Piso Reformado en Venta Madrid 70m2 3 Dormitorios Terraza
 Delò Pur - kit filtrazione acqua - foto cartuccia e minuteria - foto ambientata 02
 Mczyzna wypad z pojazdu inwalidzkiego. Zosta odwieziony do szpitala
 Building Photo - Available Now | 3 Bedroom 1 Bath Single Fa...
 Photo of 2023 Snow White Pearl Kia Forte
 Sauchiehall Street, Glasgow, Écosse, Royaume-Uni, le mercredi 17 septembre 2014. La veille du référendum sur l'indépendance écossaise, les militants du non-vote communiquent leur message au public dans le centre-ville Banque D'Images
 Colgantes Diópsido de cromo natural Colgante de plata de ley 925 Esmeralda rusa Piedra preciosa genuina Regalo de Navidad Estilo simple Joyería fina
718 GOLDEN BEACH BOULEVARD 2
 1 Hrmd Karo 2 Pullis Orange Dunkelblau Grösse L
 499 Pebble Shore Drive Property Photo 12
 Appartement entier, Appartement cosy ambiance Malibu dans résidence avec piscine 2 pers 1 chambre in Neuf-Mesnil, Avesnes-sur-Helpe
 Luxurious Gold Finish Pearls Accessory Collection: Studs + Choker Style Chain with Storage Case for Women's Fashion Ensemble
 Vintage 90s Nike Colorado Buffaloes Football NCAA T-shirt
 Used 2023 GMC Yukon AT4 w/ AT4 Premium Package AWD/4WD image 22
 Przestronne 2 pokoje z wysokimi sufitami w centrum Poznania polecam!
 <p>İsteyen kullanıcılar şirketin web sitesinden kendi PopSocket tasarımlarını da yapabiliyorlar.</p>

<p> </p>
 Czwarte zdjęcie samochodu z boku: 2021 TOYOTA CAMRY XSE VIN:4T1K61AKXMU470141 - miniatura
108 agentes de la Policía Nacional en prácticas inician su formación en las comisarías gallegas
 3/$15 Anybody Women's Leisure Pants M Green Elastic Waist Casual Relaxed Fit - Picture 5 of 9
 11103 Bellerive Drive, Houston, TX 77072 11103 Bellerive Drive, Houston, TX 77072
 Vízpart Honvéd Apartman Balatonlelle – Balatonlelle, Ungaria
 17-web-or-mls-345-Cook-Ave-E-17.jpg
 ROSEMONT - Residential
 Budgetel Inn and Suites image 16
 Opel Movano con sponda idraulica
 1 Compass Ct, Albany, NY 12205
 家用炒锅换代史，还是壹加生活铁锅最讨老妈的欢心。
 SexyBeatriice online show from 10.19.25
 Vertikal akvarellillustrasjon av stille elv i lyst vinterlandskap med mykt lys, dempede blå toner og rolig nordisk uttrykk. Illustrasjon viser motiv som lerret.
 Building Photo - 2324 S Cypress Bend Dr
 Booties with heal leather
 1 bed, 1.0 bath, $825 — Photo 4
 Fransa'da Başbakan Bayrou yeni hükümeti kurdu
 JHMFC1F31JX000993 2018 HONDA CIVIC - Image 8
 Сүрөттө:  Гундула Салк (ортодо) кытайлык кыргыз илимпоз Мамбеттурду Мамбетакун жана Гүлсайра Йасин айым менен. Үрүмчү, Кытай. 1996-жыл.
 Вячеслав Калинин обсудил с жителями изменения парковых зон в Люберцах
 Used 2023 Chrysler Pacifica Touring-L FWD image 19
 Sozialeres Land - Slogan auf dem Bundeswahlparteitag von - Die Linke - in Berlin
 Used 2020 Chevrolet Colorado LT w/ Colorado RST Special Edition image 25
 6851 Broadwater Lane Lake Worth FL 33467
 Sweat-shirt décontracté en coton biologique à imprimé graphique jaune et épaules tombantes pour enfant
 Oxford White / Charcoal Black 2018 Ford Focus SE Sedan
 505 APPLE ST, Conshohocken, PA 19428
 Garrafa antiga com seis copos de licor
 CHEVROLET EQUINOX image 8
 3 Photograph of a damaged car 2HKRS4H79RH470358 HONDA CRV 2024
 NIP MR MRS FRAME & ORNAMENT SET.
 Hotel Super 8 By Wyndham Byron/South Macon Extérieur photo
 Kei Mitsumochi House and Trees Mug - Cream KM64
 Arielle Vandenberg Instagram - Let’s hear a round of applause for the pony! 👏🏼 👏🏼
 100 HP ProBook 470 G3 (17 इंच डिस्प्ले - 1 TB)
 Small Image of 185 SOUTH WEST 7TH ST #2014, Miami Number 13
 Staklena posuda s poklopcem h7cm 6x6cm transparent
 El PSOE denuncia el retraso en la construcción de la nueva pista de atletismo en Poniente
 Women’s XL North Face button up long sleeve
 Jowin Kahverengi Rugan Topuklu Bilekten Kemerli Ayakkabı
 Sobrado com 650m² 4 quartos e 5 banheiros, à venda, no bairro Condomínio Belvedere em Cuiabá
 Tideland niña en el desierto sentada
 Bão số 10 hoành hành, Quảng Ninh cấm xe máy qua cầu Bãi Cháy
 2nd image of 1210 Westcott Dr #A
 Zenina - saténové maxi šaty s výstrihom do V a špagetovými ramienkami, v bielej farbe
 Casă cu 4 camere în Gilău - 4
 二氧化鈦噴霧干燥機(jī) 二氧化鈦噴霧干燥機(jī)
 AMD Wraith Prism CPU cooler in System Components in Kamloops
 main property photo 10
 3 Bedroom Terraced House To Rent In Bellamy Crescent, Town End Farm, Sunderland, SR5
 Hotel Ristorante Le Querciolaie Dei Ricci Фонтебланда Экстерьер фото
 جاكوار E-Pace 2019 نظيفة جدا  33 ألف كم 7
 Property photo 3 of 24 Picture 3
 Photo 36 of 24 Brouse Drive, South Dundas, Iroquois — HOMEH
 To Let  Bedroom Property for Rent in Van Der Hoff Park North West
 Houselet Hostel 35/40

########################################

## ASSIGNED TASK
The answer must be all of the entries, restated exactly.

## ANSWER TO THIS PROBLEM
Piso Reformado en Venta Madrid 70m2 3 Dormitorios Terraza
 Delò Pur - kit filtrazione acqua - foto cartuccia e minuteria - foto ambientata 02
 Mczyzna wypad z pojazdu inwalidzkiego. Zosta odwieziony do szpitala
 Building Photo - Available Now | 3 Bedroom 1 Bath Single Fa...
 Photo of 2023 Snow White Pearl Kia Forte
 Sauchiehall Street, Glasgow, Écosse, Royaume-Uni, le mercredi 17 septembre 2014. La veille du référendum sur l'indépendance écossaise, les militants du non-vote communiquent leur message au public dans le centre-ville Banque D'Images
 Colgantes Diópsido de cromo natural Colgante de plata de ley 925 Esmeralda rusa Piedra preciosa genuina Regalo de Navidad Estilo simple Joyería fina
718 GOLDEN BEACH BOULEVARD 2
 1 Hrmd Karo 2 Pullis Orange Dunkelblau Grösse L
 499 Pebble Shore Drive Property Photo 12
 Appartement entier, Appartement cosy ambiance Malibu dans résidence avec piscine 2 pers 1 chambre in Neuf-Mesnil, Avesnes-sur-Helpe
 Luxurious Gold Finish Pearls Accessory Collection: Studs + Choker Style Chain with Storage Case for Women's Fashion Ensemble
 Vintage 90s Nike Colorado Buffaloes Football NCAA T-shirt
 Used 2023 GMC Yukon AT4 w/ AT4 Premium Package AWD/4WD image 22
 Przestronne 2 pokoje z wysokimi sufitami w centrum Poznania polecam!
 <p>İsteyen kullanıcılar şirketin web sitesinden kendi PopSocket tasarımlarını da yapabiliyorlar.</p>

<p> </p>
 Czwarte zdjęcie samochodu z boku: 2021 TOYOTA CAMRY XSE VIN:4T1K61AKXMU470141 - miniatura
108 agentes de la Policía Nacional en prácticas inician su formación en las comisarías gallegas
 3/$15 Anybody Women's Leisure Pants M Green Elastic Waist Casual Relaxed Fit - Picture 5 of 9
 11103 Bellerive Drive, Houston, TX 77072 11103 Bellerive Drive, Houston, TX 77072
 Vízpart Honvéd Apartman Balatonlelle – Balatonlelle, Ungaria
 17-web-or-mls-345-Cook-Ave-E-17.jpg
 ROSEMONT - Residential
 Budgetel Inn and Suites image 16
 Opel Movano con sponda idraulica
 1 Compass Ct, Albany, NY 12205
 家用炒锅换代史，还是壹加生活铁锅最讨老妈的欢心。
 SexyBeatriice online show from 10.19.25
 Vertikal akvarellillustrasjon av stille elv i lyst vinterlandskap med mykt lys, dempede blå toner og rolig nordisk uttrykk. Illustrasjon viser motiv som lerret.
 Building Photo - 2324 S Cypress Bend Dr
 Booties with heal leather
 1 bed, 1.0 bath, $825 — Photo 4
 Fransa'da Başbakan Bayrou yeni hükümeti kurdu
 JHMFC1F31JX000993 2018 HONDA CIVIC - Image 8
 Сүрөттө:  Гундула Салк (ортодо) кытайлык кыргыз илимпоз Мамбеттурду Мамбетакун жана Гүлсайра Йасин айым менен. Үрүмчү, Кытай. 1996-жыл.
 Вячеслав Калинин обсудил с жителями изменения парковых зон в Люберцах
 Used 2023 Chrysler Pacifica Touring-L FWD image 19
 Sozialeres Land - Slogan auf dem Bundeswahlparteitag von - Die Linke - in Berlin
 Used 2020 Chevrolet Colorado LT w/ Colorado RST Special Edition image 25
 6851 Broadwater Lane Lake Worth FL 33467
 Sweat-shirt décontracté en coton biologique à imprimé graphique jaune et épaules tombantes pour enfant
 Oxford White / Charcoal Black 2018 Ford Focus SE Sedan
 505 APPLE ST, Conshohocken, PA 19428
 Garrafa antiga com seis copos de licor
 CHEVROLET EQUINOX image 8
 3 Photograph of a damaged car 2HKRS4H79RH470358 HONDA CRV 2024
 NIP MR MRS FRAME & ORNAMENT SET.
 Hotel Super 8 By Wyndham Byron/South Macon Extérieur photo
 Kei Mitsumochi House and Trees Mug - Cream KM64
 Arielle Vandenberg Instagram - Let’s hear a round of applause for the pony! 👏🏼 👏🏼
 100 HP ProBook 470 G3 (17 इंच डिस्प्ले - 1 TB)
 Small Image of 185 SOUTH WEST 7TH ST #2014, Miami Number 13
 Staklena posuda s poklopcem h7cm 6x6cm transparent
 El PSOE denuncia el retraso en la construcción de la nueva pista de atletismo en Poniente
 Women’s XL North Face button up long sleeve
 Jowin Kahverengi Rugan Topuklu Bilekten Kemerli Ayakkabı
 Sobrado com 650m² 4 quartos e 5 banheiros, à venda, no bairro Condomínio Belvedere em Cuiabá
 Tideland niña en el desierto sentada
 Bão số 10 hoành hành, Quảng Ninh cấm xe máy qua cầu Bãi Cháy
 2nd image of 1210 Westcott Dr #A
 Zenina - saténové maxi šaty s výstrihom do V a špagetovými ramienkami, v bielej farbe
 Casă cu 4 camere în Gilău - 4
 二氧化鈦噴霧干燥機(jī) 二氧化鈦噴霧干燥機(jī)
 AMD Wraith Prism CPU cooler in System Components in Kamloops
 main property photo 10
 3 Bedroom Terraced House To Rent In Bellamy Crescent, Town End Farm, Sunderland, SR5
 Hotel Ristorante Le Querciolaie Dei Ricci Фонтебланда Экстерьер фото
 جاكوار E-Pace 2019 نظيفة جدا  33 ألف كم 7
 Property photo 3 of 24 Picture 3
 Photo 36 of 24 Brouse Drive, South Dundas, Iroquois — HOMEH
 To Let  Bedroom Property for Rent in Van Der Hoff Park North West
 Houselet Hostel 35/40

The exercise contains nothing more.